**Problem requirements:** Your answer should hold only the lines from the one containing "WU121 Lindsay Double" through the last line below, copied exactly; pictures stay out.

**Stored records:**
──────────────────────────────

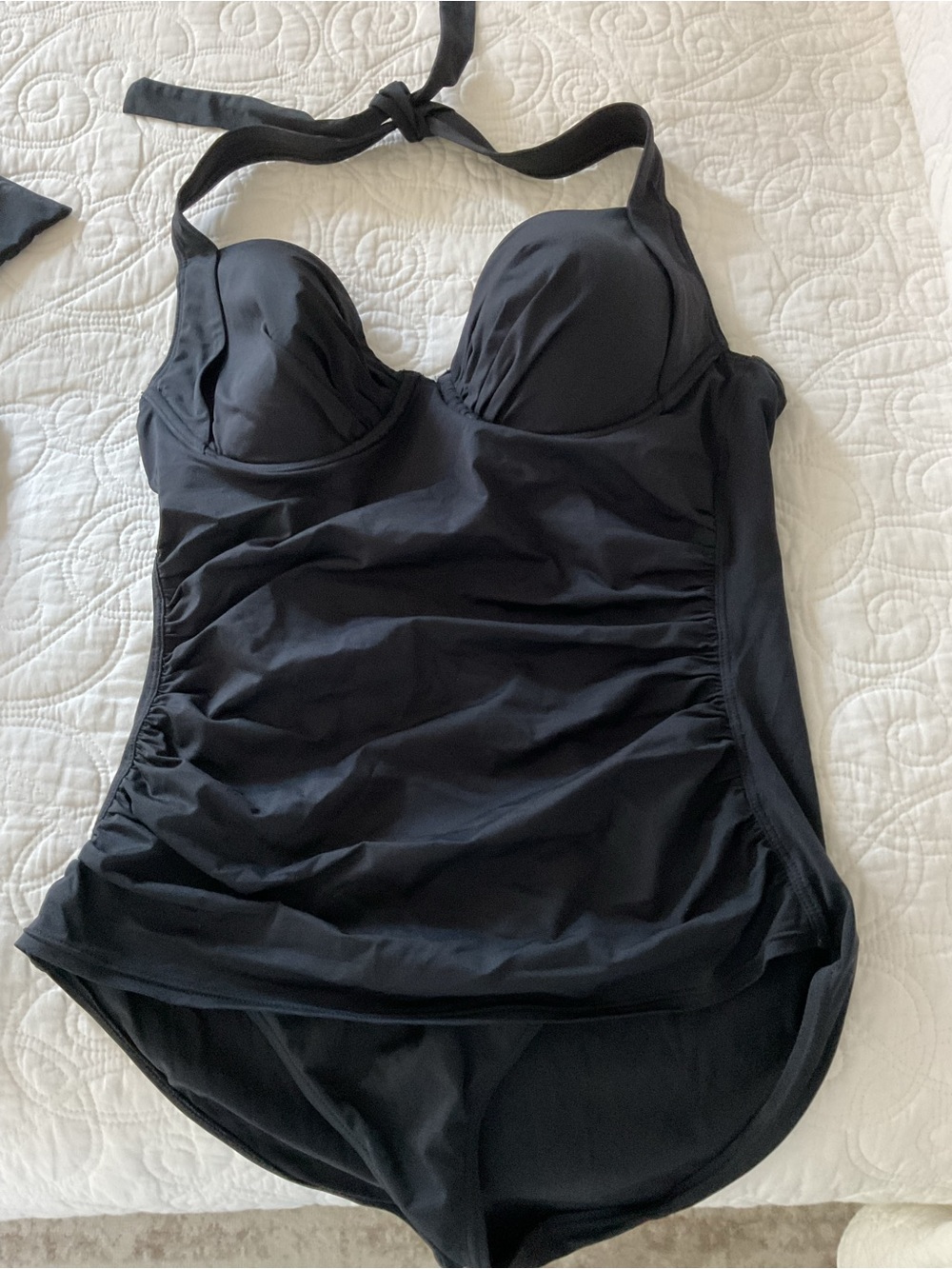 TOMMY BAHAMA Black Halter One-Piece Swimsuit in Size 12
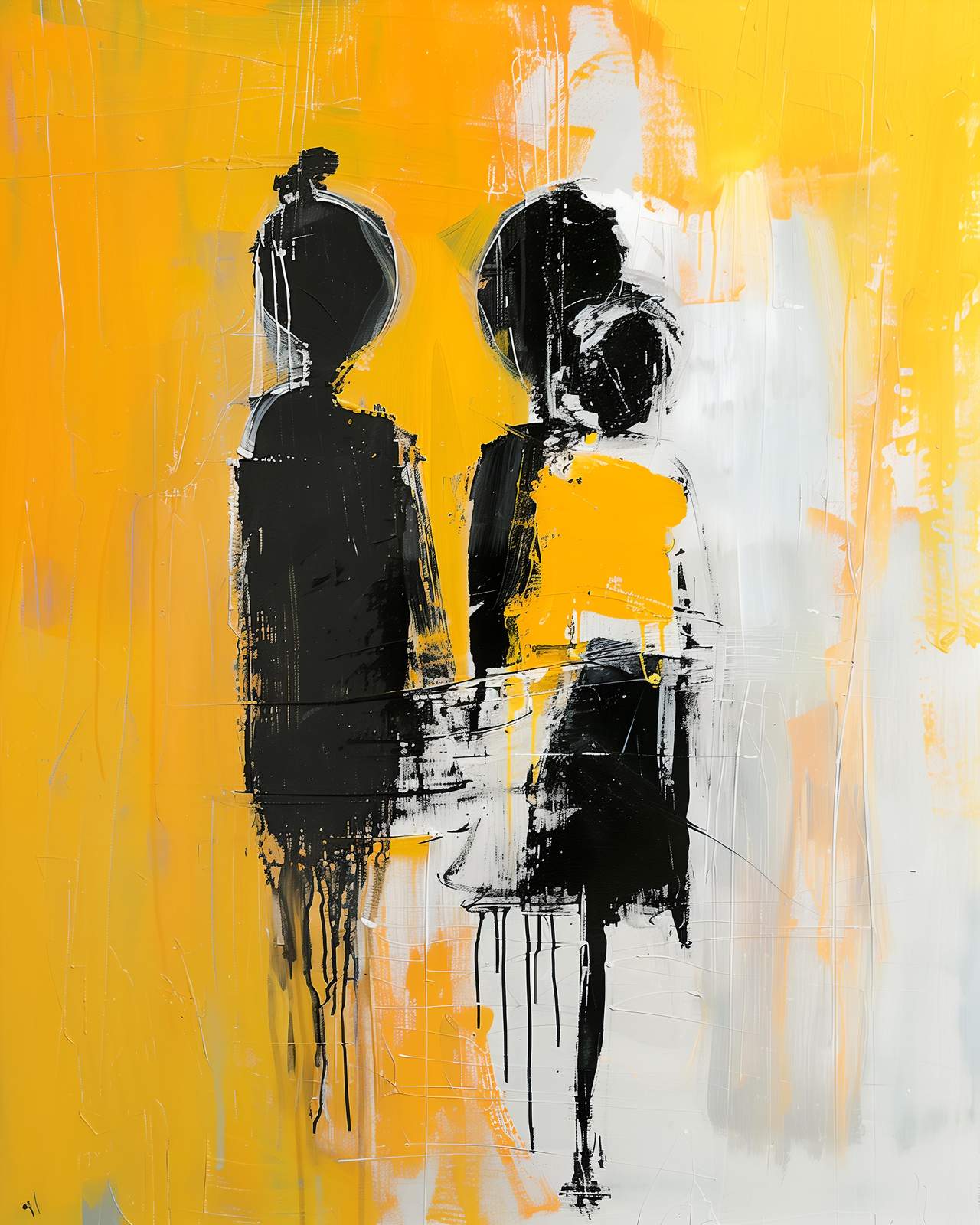 Abstract Couple Yellow & Black Wall Art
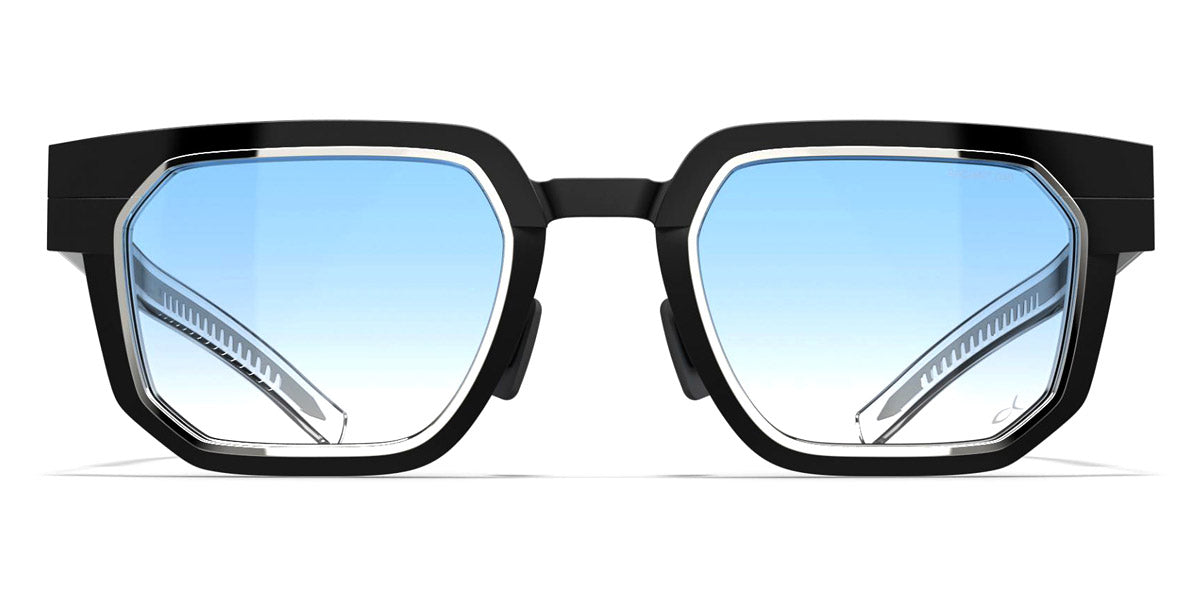 Blackfin® PROMETHEUS BLF Prometheus 1818 51 - Obsidian Black Gold Titanium Frame/Shiny Silver Details/Sapphire Haze Radiant Lenses Sunglasses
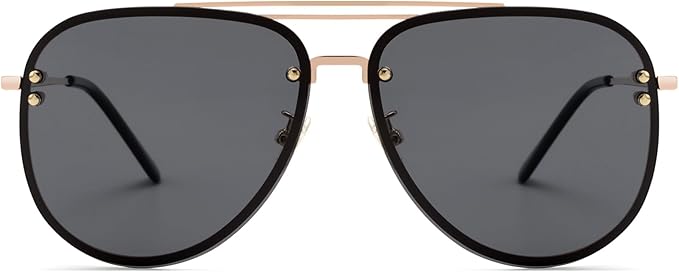 Trendy Oversized Aviator Sunglasses for Women 2025, Cute Retro Aviator Sun Glasses UV Protection Big Shades VF2203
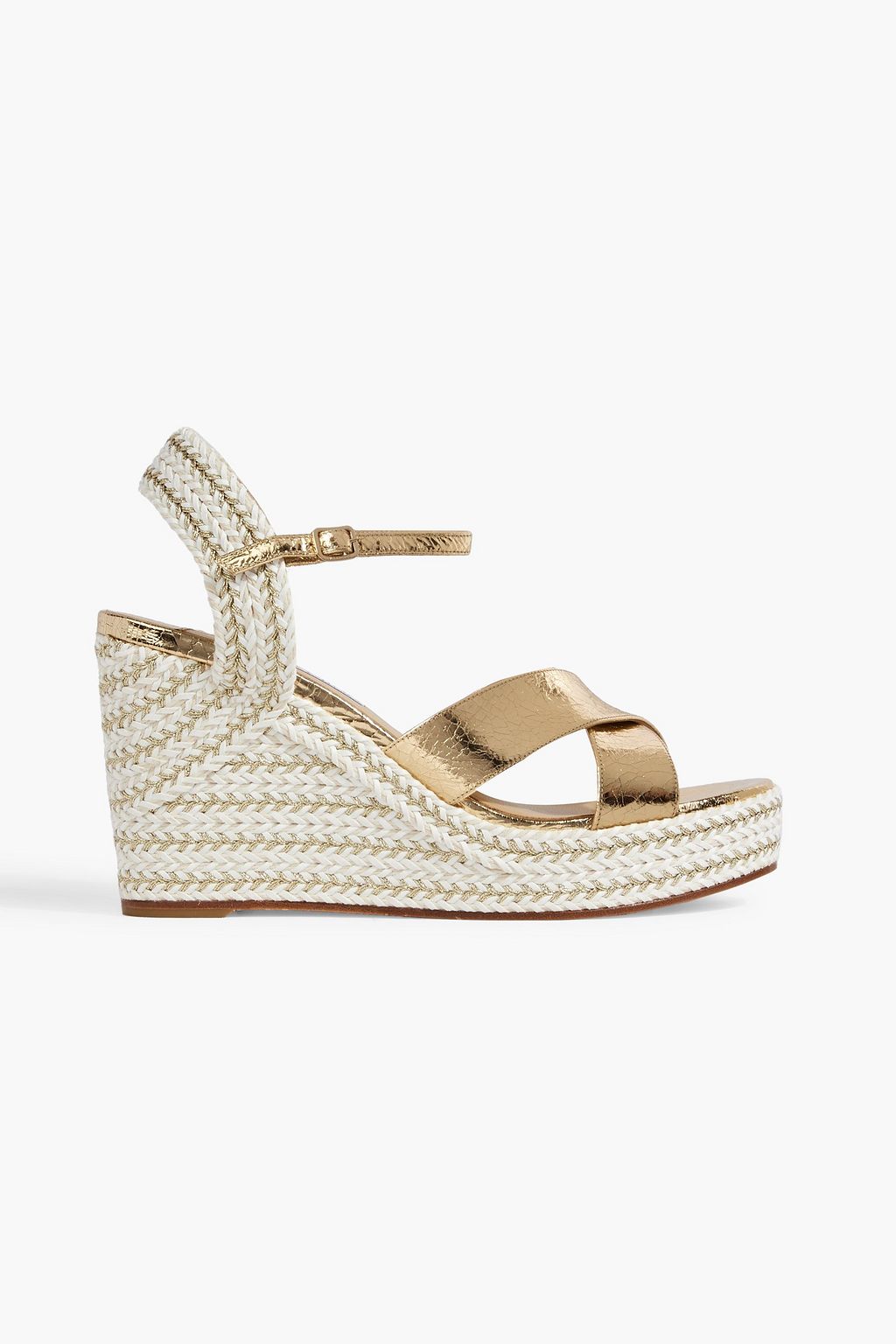 JIMMY CHOO Dellena 100 metallic crinkled leather espadrille wedge ...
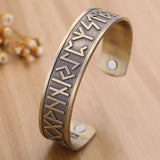 Max Viking Runes Wide Elastic Cuff Bangle Bracelet Wristband Jewelry Golden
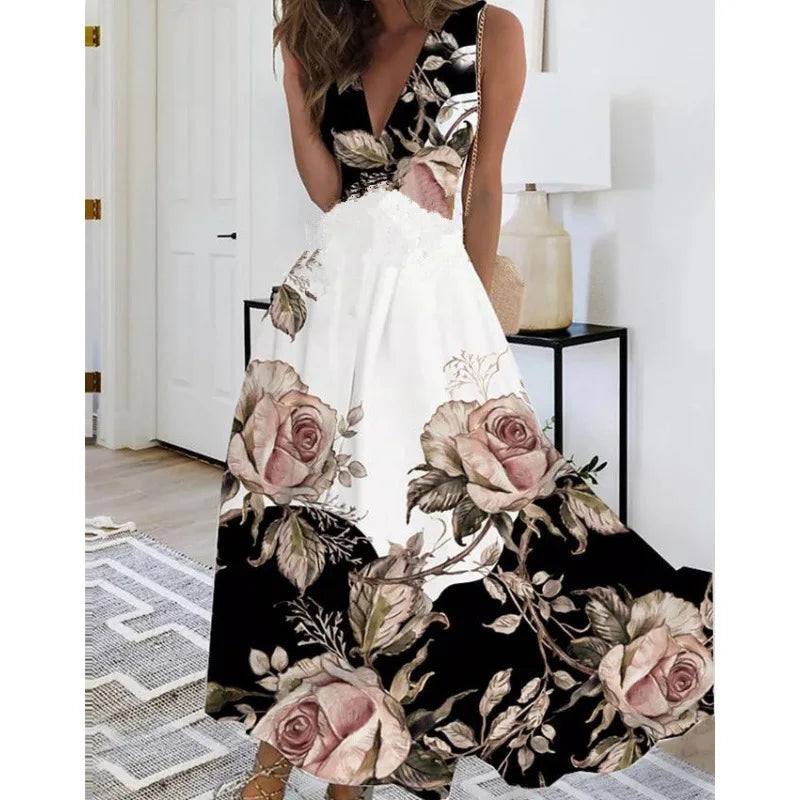 Women Dresses 2026 summer new V-neck high-waisted sleeveless floral printed sexy vest long dress women's clothing vestidoes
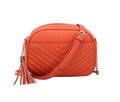 WU121 Lindsay Double Zip Chevron Crossbody Bag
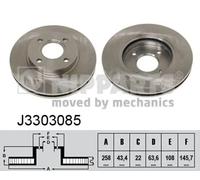 2x Brake disc internally vented J3303085 NIPPARTS for FORD MAZDA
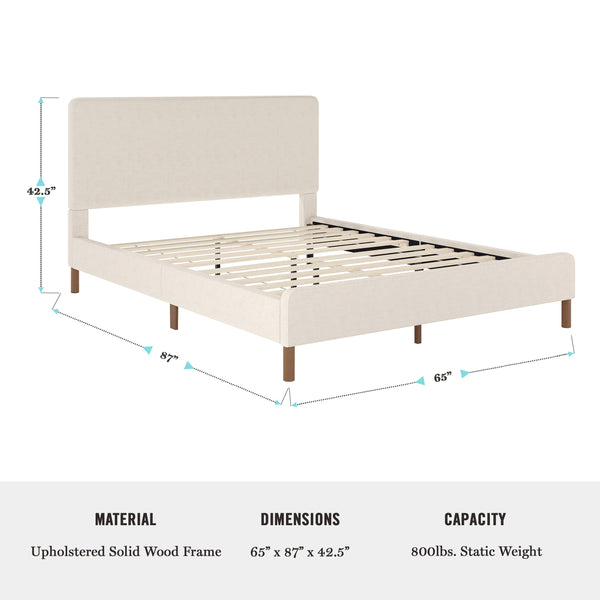 Beige Fabric/Walnut Legs,Queen |#| Faux Linen Upholstered Queen Size Platform Bed with Piped Headboard in Beige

──────────────────────────────

**Answer space:**
 WU121 Lindsay Double Zip Chevron Crossbody Bag
 2x Brake disc internally vented J3303085 NIPPARTS for FORD MAZDA
 Beige Fabric/Walnut Legs,Queen |#| Faux Linen Upholstered Queen Size Platform Bed with Piped Headboard in Beige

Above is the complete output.